Task inputs:
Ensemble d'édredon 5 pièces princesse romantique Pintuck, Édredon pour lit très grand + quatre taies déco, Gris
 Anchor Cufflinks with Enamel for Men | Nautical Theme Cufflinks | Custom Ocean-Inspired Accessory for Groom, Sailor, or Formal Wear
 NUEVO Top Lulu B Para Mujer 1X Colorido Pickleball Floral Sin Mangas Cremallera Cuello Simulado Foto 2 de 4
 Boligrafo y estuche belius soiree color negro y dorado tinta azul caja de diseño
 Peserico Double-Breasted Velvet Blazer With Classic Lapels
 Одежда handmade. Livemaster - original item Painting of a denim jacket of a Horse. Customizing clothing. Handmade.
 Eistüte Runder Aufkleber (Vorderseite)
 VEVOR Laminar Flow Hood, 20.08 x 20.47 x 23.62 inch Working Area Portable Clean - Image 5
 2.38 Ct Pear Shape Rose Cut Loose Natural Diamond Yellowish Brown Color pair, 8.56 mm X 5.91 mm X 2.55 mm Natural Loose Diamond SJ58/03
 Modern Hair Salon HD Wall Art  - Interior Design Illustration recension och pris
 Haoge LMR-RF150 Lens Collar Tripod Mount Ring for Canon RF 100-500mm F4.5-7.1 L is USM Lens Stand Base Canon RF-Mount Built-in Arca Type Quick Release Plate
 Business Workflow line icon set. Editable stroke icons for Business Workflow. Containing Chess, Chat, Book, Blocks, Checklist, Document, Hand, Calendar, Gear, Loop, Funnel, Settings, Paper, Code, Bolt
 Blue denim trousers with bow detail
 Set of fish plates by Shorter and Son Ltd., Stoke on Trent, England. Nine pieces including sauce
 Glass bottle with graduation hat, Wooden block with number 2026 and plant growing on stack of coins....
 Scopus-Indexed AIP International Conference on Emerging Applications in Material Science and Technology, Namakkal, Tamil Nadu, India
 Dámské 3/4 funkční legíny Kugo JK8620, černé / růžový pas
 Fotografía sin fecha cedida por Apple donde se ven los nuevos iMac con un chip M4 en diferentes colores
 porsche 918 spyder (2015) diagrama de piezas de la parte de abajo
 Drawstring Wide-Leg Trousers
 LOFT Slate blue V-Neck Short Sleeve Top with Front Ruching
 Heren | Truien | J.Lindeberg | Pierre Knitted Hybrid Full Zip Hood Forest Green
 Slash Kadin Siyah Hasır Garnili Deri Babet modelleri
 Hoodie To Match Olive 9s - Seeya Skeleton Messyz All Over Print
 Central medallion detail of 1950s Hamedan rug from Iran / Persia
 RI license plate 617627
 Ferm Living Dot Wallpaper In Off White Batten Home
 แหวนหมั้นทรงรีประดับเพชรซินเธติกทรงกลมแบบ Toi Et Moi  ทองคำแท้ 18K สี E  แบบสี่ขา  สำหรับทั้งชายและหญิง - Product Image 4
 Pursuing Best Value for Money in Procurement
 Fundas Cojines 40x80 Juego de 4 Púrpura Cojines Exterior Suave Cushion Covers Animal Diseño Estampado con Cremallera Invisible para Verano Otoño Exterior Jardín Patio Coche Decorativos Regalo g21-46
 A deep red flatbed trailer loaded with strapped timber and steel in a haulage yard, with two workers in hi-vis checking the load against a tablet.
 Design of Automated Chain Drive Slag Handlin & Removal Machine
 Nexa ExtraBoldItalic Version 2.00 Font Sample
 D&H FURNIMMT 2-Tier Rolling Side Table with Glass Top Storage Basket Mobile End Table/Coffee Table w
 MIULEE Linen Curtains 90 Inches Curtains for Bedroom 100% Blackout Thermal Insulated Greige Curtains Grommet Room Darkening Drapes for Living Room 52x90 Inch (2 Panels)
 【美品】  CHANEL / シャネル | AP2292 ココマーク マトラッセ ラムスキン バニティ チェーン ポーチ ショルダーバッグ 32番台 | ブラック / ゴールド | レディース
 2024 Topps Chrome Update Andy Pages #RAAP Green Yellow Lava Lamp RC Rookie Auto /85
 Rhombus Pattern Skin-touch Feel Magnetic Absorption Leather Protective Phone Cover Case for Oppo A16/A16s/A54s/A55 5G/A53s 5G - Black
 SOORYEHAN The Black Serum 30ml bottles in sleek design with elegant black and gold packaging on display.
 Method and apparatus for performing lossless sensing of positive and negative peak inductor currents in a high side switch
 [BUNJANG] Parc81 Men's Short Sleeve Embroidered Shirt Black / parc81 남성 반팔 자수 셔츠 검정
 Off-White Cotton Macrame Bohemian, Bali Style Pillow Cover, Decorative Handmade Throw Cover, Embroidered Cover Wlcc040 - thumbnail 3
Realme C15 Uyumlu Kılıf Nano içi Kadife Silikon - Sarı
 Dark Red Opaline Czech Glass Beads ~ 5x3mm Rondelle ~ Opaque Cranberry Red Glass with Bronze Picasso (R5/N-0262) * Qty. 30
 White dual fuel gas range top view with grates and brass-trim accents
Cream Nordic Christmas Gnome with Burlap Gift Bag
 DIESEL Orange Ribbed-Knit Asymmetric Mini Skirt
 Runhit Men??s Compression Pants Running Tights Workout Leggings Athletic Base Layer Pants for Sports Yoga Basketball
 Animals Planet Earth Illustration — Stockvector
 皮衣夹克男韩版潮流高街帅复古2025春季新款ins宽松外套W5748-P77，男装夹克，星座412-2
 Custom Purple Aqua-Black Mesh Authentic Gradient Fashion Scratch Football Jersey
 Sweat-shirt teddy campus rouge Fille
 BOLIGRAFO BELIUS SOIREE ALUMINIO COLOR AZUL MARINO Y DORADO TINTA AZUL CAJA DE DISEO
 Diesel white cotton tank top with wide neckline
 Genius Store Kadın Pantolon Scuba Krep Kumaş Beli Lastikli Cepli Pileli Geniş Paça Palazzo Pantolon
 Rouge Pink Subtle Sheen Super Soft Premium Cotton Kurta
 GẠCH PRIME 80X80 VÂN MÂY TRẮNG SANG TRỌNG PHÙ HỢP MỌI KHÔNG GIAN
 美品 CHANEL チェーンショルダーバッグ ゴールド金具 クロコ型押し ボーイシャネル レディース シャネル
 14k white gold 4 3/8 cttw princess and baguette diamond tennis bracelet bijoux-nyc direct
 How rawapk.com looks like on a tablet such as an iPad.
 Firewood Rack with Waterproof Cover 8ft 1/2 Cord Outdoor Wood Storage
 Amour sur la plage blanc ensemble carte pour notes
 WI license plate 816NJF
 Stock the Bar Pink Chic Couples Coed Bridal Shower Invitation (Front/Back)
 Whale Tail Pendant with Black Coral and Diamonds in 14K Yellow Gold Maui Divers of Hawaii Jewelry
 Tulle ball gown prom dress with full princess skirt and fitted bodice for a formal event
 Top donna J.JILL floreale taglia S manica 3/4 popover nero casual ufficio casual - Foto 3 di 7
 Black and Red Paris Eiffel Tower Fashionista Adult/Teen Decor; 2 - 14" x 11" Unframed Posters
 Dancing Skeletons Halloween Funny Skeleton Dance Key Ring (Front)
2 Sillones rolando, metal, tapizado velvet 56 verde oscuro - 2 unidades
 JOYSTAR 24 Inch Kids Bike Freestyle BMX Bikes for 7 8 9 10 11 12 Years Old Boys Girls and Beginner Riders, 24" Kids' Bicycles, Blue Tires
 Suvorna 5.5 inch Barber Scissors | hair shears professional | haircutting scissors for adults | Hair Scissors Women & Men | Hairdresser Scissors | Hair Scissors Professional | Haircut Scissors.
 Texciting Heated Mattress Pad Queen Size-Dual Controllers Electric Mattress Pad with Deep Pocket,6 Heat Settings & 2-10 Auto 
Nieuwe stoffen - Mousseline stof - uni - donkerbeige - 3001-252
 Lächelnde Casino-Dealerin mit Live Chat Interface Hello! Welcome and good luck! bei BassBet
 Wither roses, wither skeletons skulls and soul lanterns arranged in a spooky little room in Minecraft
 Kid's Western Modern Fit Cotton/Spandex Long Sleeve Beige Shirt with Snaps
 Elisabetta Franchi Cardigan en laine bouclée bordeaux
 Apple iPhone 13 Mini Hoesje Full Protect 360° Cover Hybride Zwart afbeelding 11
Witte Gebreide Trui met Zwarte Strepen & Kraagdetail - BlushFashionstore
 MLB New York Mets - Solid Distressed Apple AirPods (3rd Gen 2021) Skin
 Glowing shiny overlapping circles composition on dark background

Work instruction:
Whatever else the listing above holds, retype exactly only the lines from the one containing "DIESEL Orange Ribbed-Knit" to the one containing "Sweat-shirt teddy campus rouge Fille", both ends kept.

Answer to the exercise:
 DIESEL Orange Ribbed-Knit Asymmetric Mini Skirt
 Runhit Men??s Compression Pants Running Tights Workout Leggings Athletic Base Layer Pants for Sports Yoga Basketball
 Animals Planet Earth Illustration — Stockvector
 皮衣夹克男韩版潮流高街帅复古2025春季新款ins宽松外套W5748-P77，男装夹克，星座412-2
 Custom Purple Aqua-Black Mesh Authentic Gradient Fashion Scratch Football Jersey
 Sweat-shirt teddy campus rouge Fille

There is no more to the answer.